The truth is that the FCA decided to drop its important review of culture which presents somewhat of a paradox because the City watchdog continues to insist in its latest business plan that “poor culture and control continues to threaten market integrity, including conflicts of interest.” (Big Bailey also blames bad culture for laying “the ground for bad outcomes”, he warns against senior management’s “hubris risk, the risk of blinding over-confidence.”) It has also abandoned reviewing the activities of HSBC’s Swiss banking arm, which allegedly helped the rich to dodge taxes. When added together, i.e. drop by drop leading to an ocean, these things matter and unsurprisingly Andrew Tyrie MP (chairman of the Treasury Select Committee) summoned both McDermott and John Griffith-Jones for a dressing down over these affairs. Small wonder, McDermott is eager to leave her job and find a comfy place in private sector!
In any event, adopting a sanguine tone as regards the Supreme Court’s decision, Mark Steward continued to talk tough but as usual he ultimately passed over the buck to consumers and advised them to protect themselves rather than expecting regulators to solve their problems. In a press release, he said on behalf of the shambolic agency:
This decision should sound a clear warning to those selling dubious investments. We will do what it takes to shut down firms trying to exploit loopholes and take advantage of consumers.
However, while this is an important victory from a legal point of view, we are acutely aware from experience that the risk to investors who deal with unauthorised firms is that most, if not all, investors are likely only to get a fraction of their money back.
Consumers should therefore recognise that there are huge risks involved when investing with unauthorised businesses.

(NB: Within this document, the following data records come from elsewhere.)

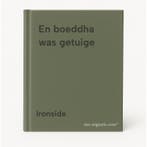 En boeddha was getuige 9789021837123 Ironside, Verzenden, Ironside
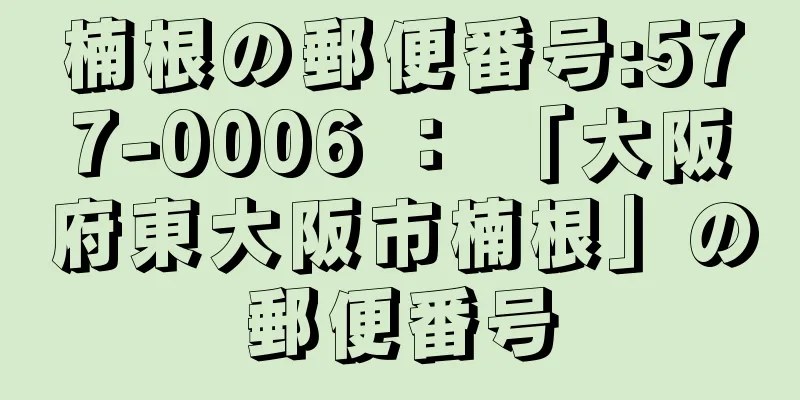 楠根の郵便番号:577-0006 ： 「大阪府東大阪市楠根」の郵便番号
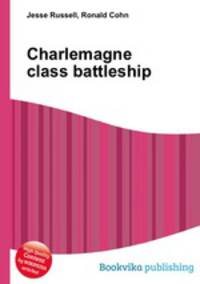 Charlemagne class battleship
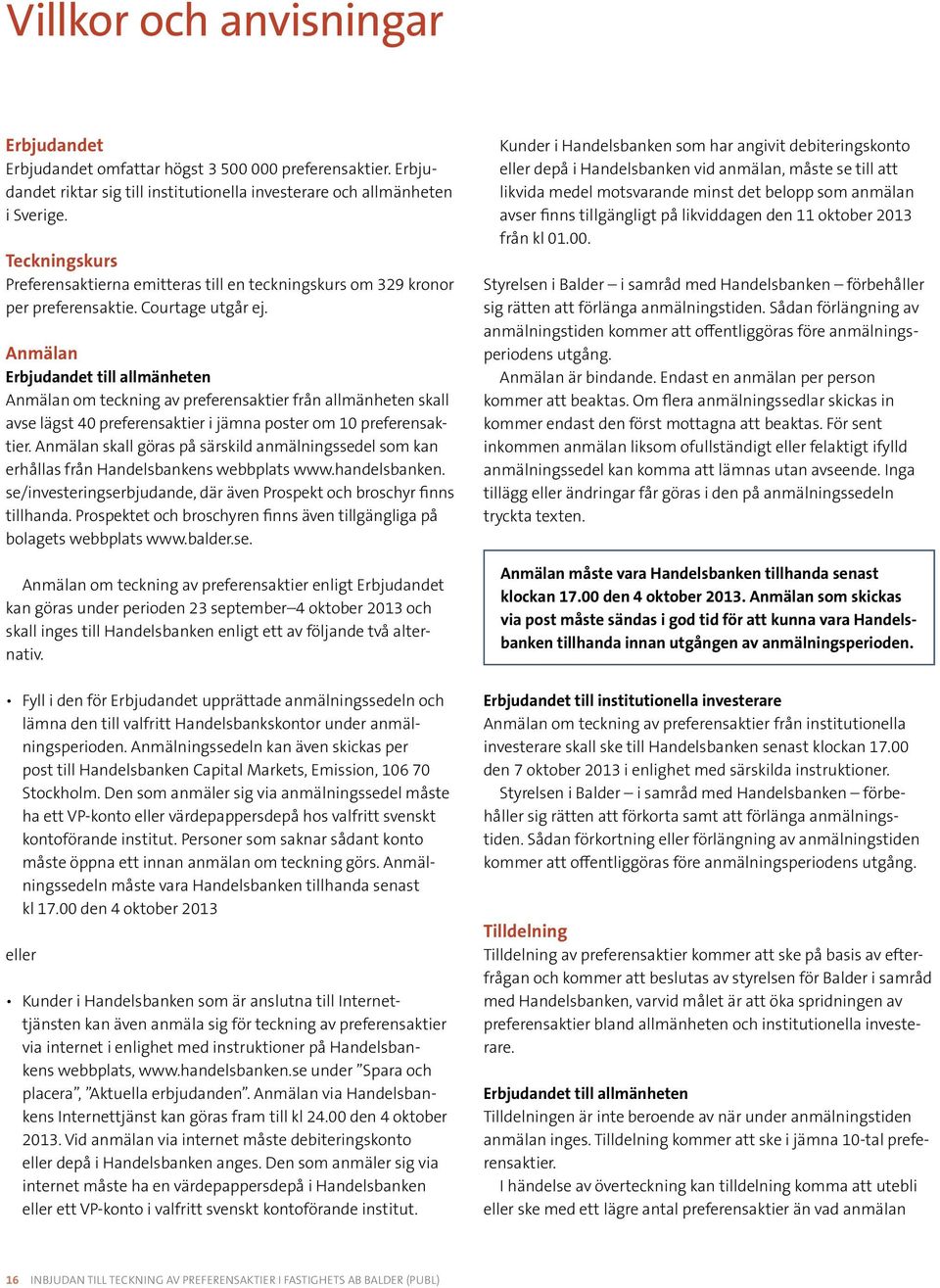 Anmälan Erbjudandet till allmänheten Anmälan om teckning av preferensaktier från allmänheten skall avse lägst 40 preferensaktier i jämna poster om 10 preferensaktier.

Yet limited hope may be found in Bailey’s recent Culture in financial services speech, partially drawn on above, where he attacked management’s excesses and self-perceived invincibility by arguing that high-flyers “are so convinced of their rightness that they hurtle for the cliff without questioning the direction of travel.” Quite rightly, he emphasises that the culture of firms “matters a great deal” and “is of the utmost importance to financial regulators.” Nonetheless, despite these attractive maxims, as members of the public, we can only hope Bailey can change the culture of shirking responsibility and negligence at the FCA itself. It will be interesting to see whether or not he tries to hide behind the Bailey “there is no magic bullet to change culture” adage which he also articulated in his speech.